If this happens to the next-gen model, it seems most likely that the Miata will adopt the 48-volt hybrid technology from some of Mazda’s larger rear-drive models. If this is the case, then many Miata fans would likely have little to fuss about.
The Drive also mentions that Kojima referenced the Miata engine possibly being converted to run on alternative synthetic fuels like Porsche has been suggesting is going to happen.
“For customers who have purchased the [MX-5] Roadster so far, we will provide an internal combustion engine that uses biofuel such as e-fuel,” said Kojima, as dictated by Japanese Nostalgic Car. “We would like to utilize it to realize carbon neutrality as Mazda.”
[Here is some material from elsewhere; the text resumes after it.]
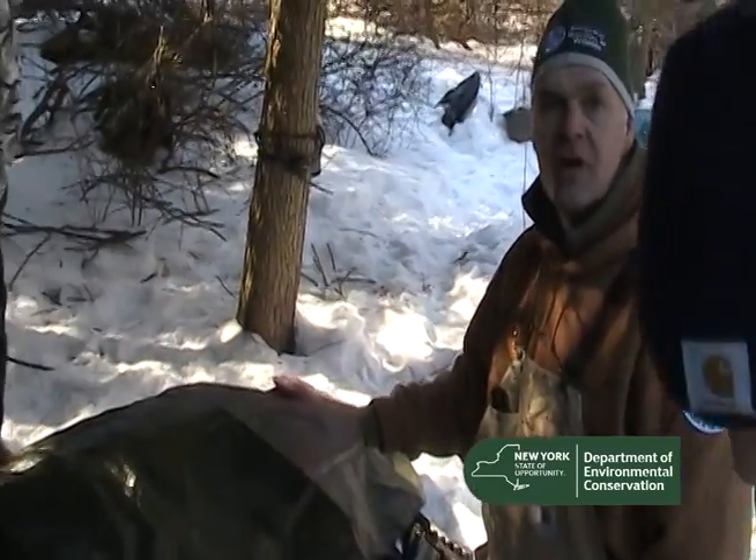Art, have you seen this sow before? Yeah, we've handled her probably three or four times. This is her third set of cubs.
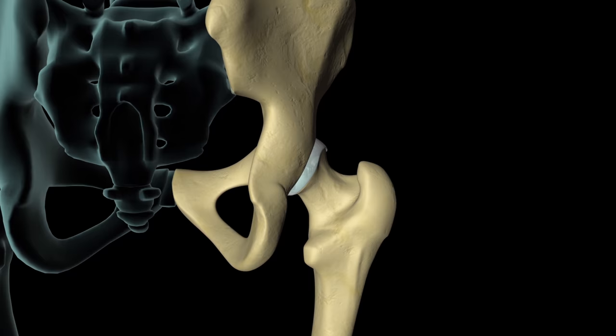Your hip consists of two main parts that fit together like a ball and socket: the femoral head at the top of the leg and the acetabulum in your pelvis.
There is a 6-speed elephant in the room
One of the defining features of the Miata, especially in the current market, is the manual transmission. If/when the Mazda Miata goes full electric, it will no longer be a manual car, changing the appeal for some drivers. Most drivers are used to their modern dream car not offering a manual transmission, but the Miata has always been a three-pedal safe haven. Those days might be coming to an end.
All we know for sure is that the Mazda Miata will be changing. How much it changes and how good those changes are the big questions.